Guzman, who could have become the first Hispanic elected to statewide office, said a close look at fundraising by her rivals made her campaign a long-shot bid. Guzman made her decision late Friday and called key supporters on Saturday morning, before issuing a long, emotional statement to the public.

“I did not know how I would be received outside my district, but Virginia Democrats in every corner of the commonwealth were absolutely ready to elect an immigrant with an accent to statewide office,” said Guzman, who immigrated to the U.S. from Peru as a young, poor single mother.

“But it takes money to reach voters, and the limited time we had to fundraise coupled with the fact that I do not have the capacity to self-fund this primary put us at a stark disadvantage.”

Guzman is withdrawing from a crowded June 8 Democratic primary that before her departure included seven candidates for lieutenant governor. Guzman and three others are members of the General Assembly.

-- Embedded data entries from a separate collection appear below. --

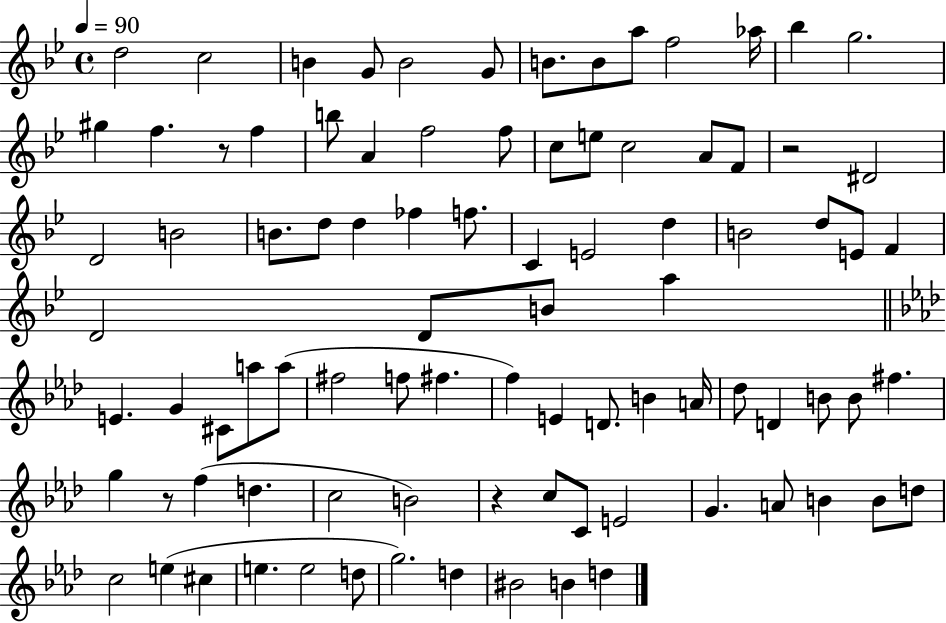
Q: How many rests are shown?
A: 4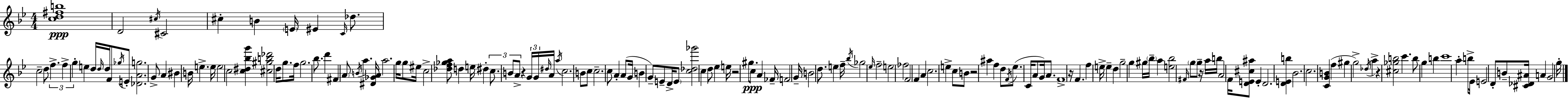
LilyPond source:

{
  \clef treble
  \numericTimeSignature
  \time 4/4
  \key bes \major
  <c'' d'' fis'' b''>1\ppp | d'2 \acciaccatura { cis''16 } cis'2 | cis''4-. b'4 \parenthesize e'16 eis'4 \grace { c'16 } des''8. | c''2-- d''8 \tuplet 3/2 { f''4.-> | \break f''4-> g''4-. } e''4 d''16 \grace { d''16 } | d''16 f'8 \acciaccatura { ges''16 } e'8-. <des' a' g''>2. | g'8-> a'4 bis'4 b'16 e''4.-> | e''16 e''2 c''2 | \break <c'' dis'' bes'' g'''>4 <cis'' gis'' b'' des'''>2 | d''16 g''8. f''16 g''2. | bes''8. d'''4 fis'4 \parenthesize a'8 \acciaccatura { b'16 } a''4. | <dis' ges' a'>16 a''2. | \break g''16 g''8 eis''16 c''2-> <des'' f'' ges'' a''>8 | d''4 e''16 dis''4-. \tuplet 3/2 { c''8. b'8 a'8-> } | r4 \tuplet 3/2 { g'16 g'16 \grace { dis''16 } } a'16 \acciaccatura { a''16 } c''2. | b'8 c''8 c''2.-- | \break c''8 a'4-. a'8( g'16 b'4 | g'8--) e'8-- d'16-> \parenthesize e'8 <c'' des'' ges'''>2 | c''4 d''8 ees''4 e''16 r2 | gis''8. c''8\ppp a'4 fes'16-- f'2 | \break g'16-- b'2 d''8. | e''4 f''16-- \acciaccatura { bes''16 } ges''2 | \grace { ees''16 } f''2-- e''2 | fes''2 f'2 | \break f'4 a'4 c''2. | e''4-> c''8 b'8 r2 | ais''4 f''4 d''8 \acciaccatura { f'16 }( | ees''8. c'16 a'8 g'16) a'8. f'1-> | \break r16 f'4. | f''4 e''16-> e''4-- d''4 g''2-- | g''4 gis''16 \parenthesize bes''16-- a''4 | <e'' bes''>2 \grace { fis'16 } \parenthesize g''8 g''8-- r16 a''16 b''16 | \break a'2 f'16 <d' e' cis'' ais''>8 e'4-. d'2. | <d' e' b''>4 bes'2. | c''2. | <c' g' b'>4( f''4 gis''4 | \break g''2->) \acciaccatura { des''16 } a''4-> | r4 <cis'' ges'' b''>2 c'''4. | b''8 g''4 b''4 c'''1 | a''4-. | \break b''16-> ees'16 e'2 d'8-. b'8-- <cis' des' ais'>16 a'4 | g'2 g''16-. \bar "|."
}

Guzman reported raising $186,000 in the first quarter of the year, according to disclosures made public Friday, more than three of her rivals. But Guzman had comparatively little spending cash — $118,000 — to compete with the race’s biggest fundraiser, Del. Sam Rasoul of Roanoke, who reported having nearly $1 million in cash on hand as of March 31.

Guzman cast her decision as a choice between her personal political ambition and a sense of duty to working-class and Hispanic Virginians to have her voice at least in the assembly. She opted to seek to retain her House seat.

“If my political future were the only thing at stake, I would roll the dice and hope for the best, as I think our campaign had a lot going for us and that there are many variables in a seven-person race,” Guzman said. “But the communities I represent need my voice in the General Assembly.”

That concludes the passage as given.